Having a VHost Directory/Location scope of setting lazyload_images, or perhaps 
a a way to have regex filters when enabling lazyloading would be great.

I also believe that resource filter scope-ing would also be beneficial to CSS, 
JS and other resources.

I have not looked at how mod_pagespeed hooks into Apache/nginx to see how easy 
is to implement this at VHost location level, however, I would imagine a global 
setting using a regex when enabling the filter would be reasonably easy to 
implement.

One other note on lazyload_images - there is a theoretical issue in the current 
implementation around search engine crawlers which do not get to actually fetch 
the images out of the img tags. This is obviously not great. I have started a 
conversation around this offering an alternative mechanism - perhaps you may 
find it useful - 
https://groups.google.com/forum/?hl=en#!searchin/mod-pagespeed-discuss/lazyload$
20luci/mod-pagespeed-discuss/S_8U_cD5X44/-kxUkGBDypEJ

Original comment by l...@aura.travel on 23 Jul 2013 at 12:11

GoogleCodeExporter commented 9 years ago
Issue 1047 has been merged into this issue.

Original comment by sligocki@google.com on 5 Feb 2015 at 4:35

GoogleCodeExporter commented 9 years ago
Copying comment from Issue 1047:

It would be useful to allow/disallow wildcard patterns on a per-filter basis.

Example from mod-pagespeed-discuss:

I am using mod_pagespeed on Apache 2.4.7, everything is working fine but I 
don't know how to configure it to do what I want.

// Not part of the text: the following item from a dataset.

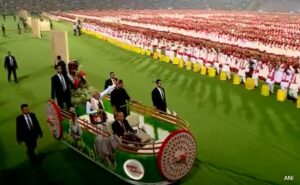 9,000 Jhumoir Dancers Welcome PM As Assam Celebrates 200 Years Of Tea Industry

I have one domain www.mydomain.com that I am sharding on 
static1.mydomain.com,static2.mydomain.com,static3.mydomain.com and where I have 
rewrite_images enabled.

I have another domain coming from a cdn provider www.example-cdn.com that I use 
in my web at www.mydomain.com, for this cdn domain I am using 
ModPagespeedDisallow to avoid having pagespeed rewrite the images coming from 
that cdn.

Ok, all of this is working fine, the problem is, How could I shard 
www.example-cdn.com in my html if I don't want to rewrite images coming from 
the cdn but I want to rewrite_images on my own domain?

The problem I find it is that if I use ModPagespeedDisallow www.example-cdn.com 
I can't shard access to it and if I delete this disallow all the cdn's coming 
images will be rewritten if these images can be improved by pagespeed.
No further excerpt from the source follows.